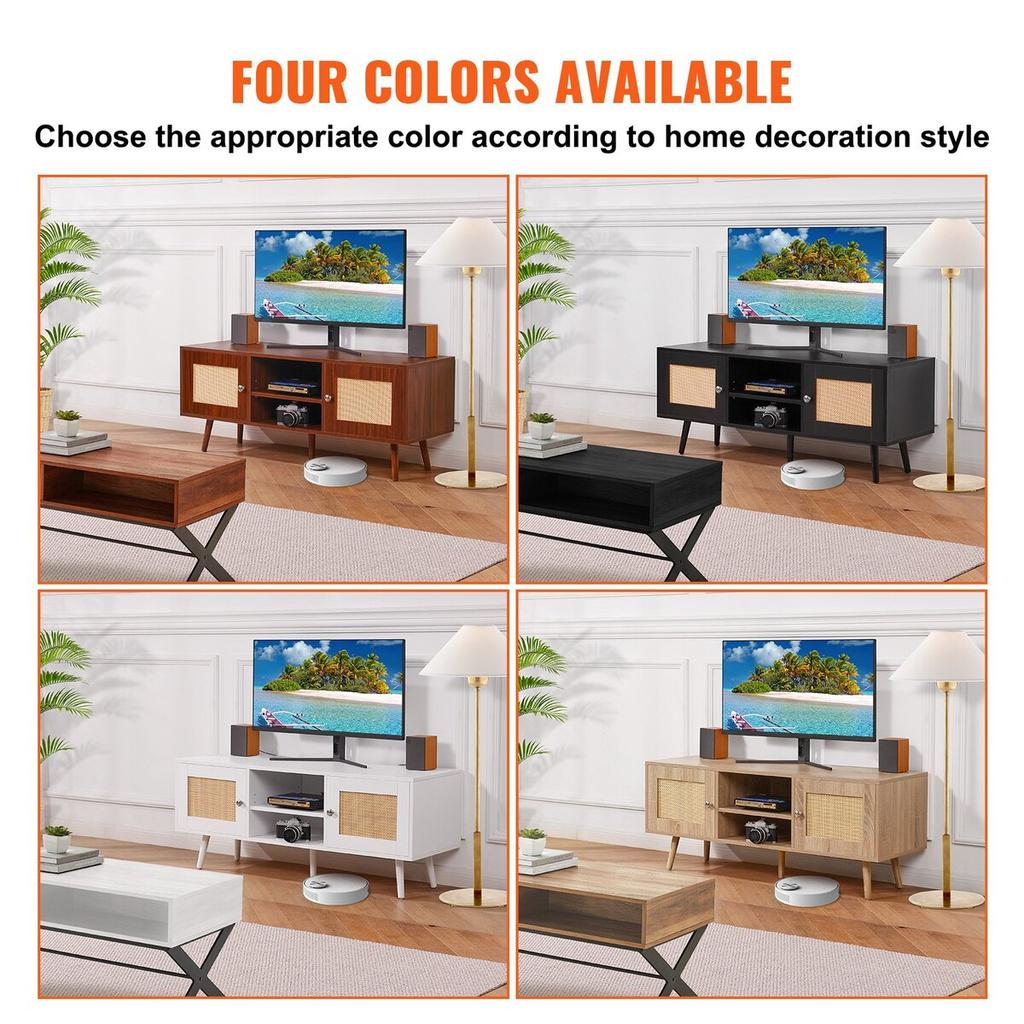 Rattan TV Stand, Boho TV Cabinet for 55 inch TV, Mid Century Modern TV Stand, Rattan TV Console with Adjustable Shelfs for Living Room, Media Room,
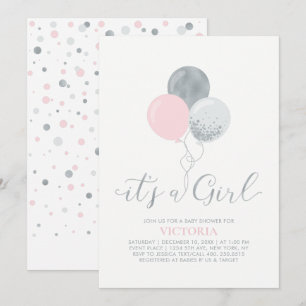 Invitation Ballons roses et argent   C'est une fille - Baby S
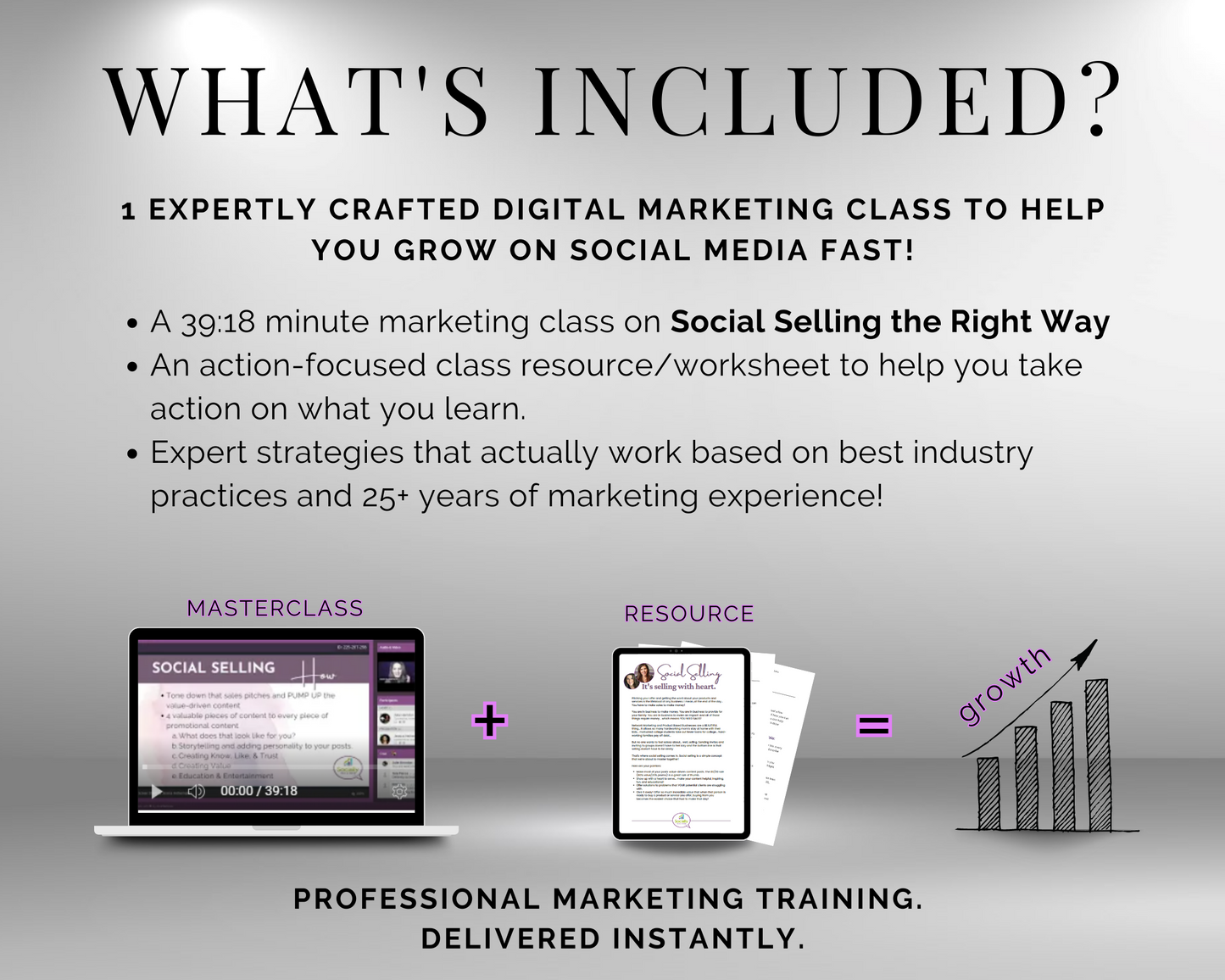 What's included in the digital marketing class? The TAT - Social Selling the Right Way Masterclass description is missing. Please provide the Get Socially Inclined product description.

__What to produce__: When a picture appears in the material, please pass over it while retyping the rest exactly.

__Solution to this exercise__:
 Rattan TV Stand, Boho TV Cabinet for 55 inch TV, Mid Century Modern TV Stand, Rattan TV Console with Adjustable Shelfs for Living Room, Media Room,
 Invitation Ballons roses et argent   C'est une fille - Baby S
 What's included in the digital marketing class? The TAT - Social Selling the Right Way Masterclass description is missing. Please provide the Get Socially Inclined product description.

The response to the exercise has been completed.